How to Reverse Beehive Bodies
Bees normally move upward in the hive during the winter. In early spring, the upper deep is full of bees, new brood, and food. But the lower deep hive body is mostly empty. You can help matters by reversing the top and bottom deep hive bodies. This reversing procedure enables the bees to better distribute brood, honey, pollen, fresh nectar, and water. Reversing gives them more room to move upward, which is the direction that they always want to move.
Doing so also gives you an opportunity to clean the bottom board. Follow these steps:
When a mild day comes along (50 degrees Fahrenheit) with little or no wind and bright clear sunlight, open your hive using your smoker in the usual way.
Place the upturned outer cover on the ground and then remove the upper deep hive body.
Keep the inner cover on the deep and close the oval hole in the middle of the inner cover with a piece of wood shingle or tape.
Place the deep across the edges of the outer cover, so there will be only four points of contact (you’ll squeeze fewer bees that way).
Now you can see down into the lower deep that still rests on the bottom board.
It probably is empty, but even if some inhabitants are found, lift the lower deep off the bottom board and place it crossways on the inner cover that is covering the deep you previously removed.

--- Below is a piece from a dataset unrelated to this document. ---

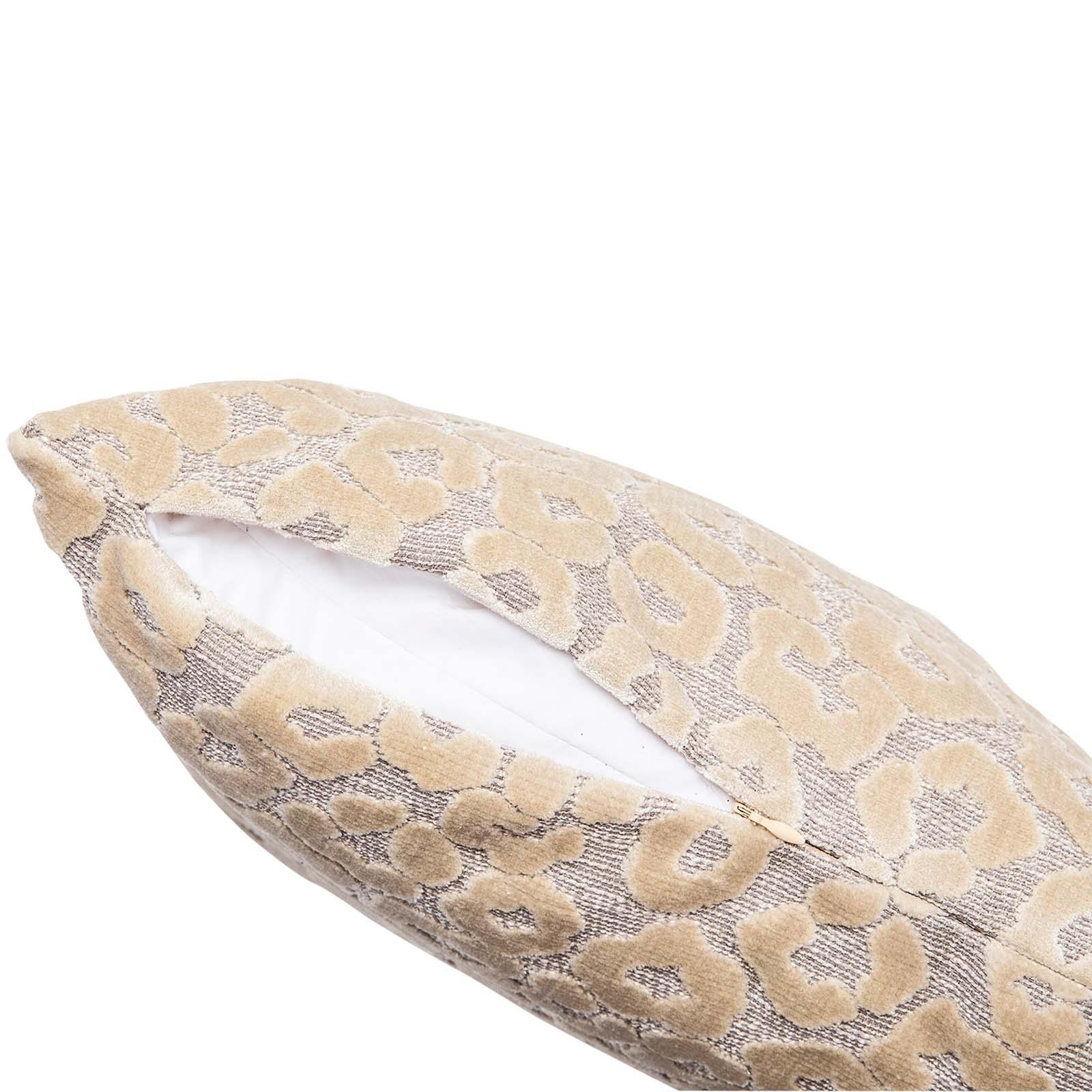 Elvira Lumbar Pillow Throw Pillows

Scrape and clean the bottom board.
This is good opportunity to add a slatted rack, because you won't get another chance until autumn. Slatted racks help with the hive’s ventilation and can promote superior brood patterns. They also encourage the queen to lay eggs all the way to the front of the hive, because of improved ventilation and draft control.
Now stand the deep body, which had been the relatively empty bottom one, on one end, placing it on the ground.
Then place the full hive body onto the clean bottom board (or on the slatted rack, if you added one).
Smoke the bees and remove the inner cover so that you can place the empty deep on top.
Replace the inner and outer covers.
Repeat this reversal in about three to four weeks, restoring the hive to its original configuration. At that time you can put on one or more honey supers — assuming the bees are now bringing in their own food, and you have ceased feeding and medicating.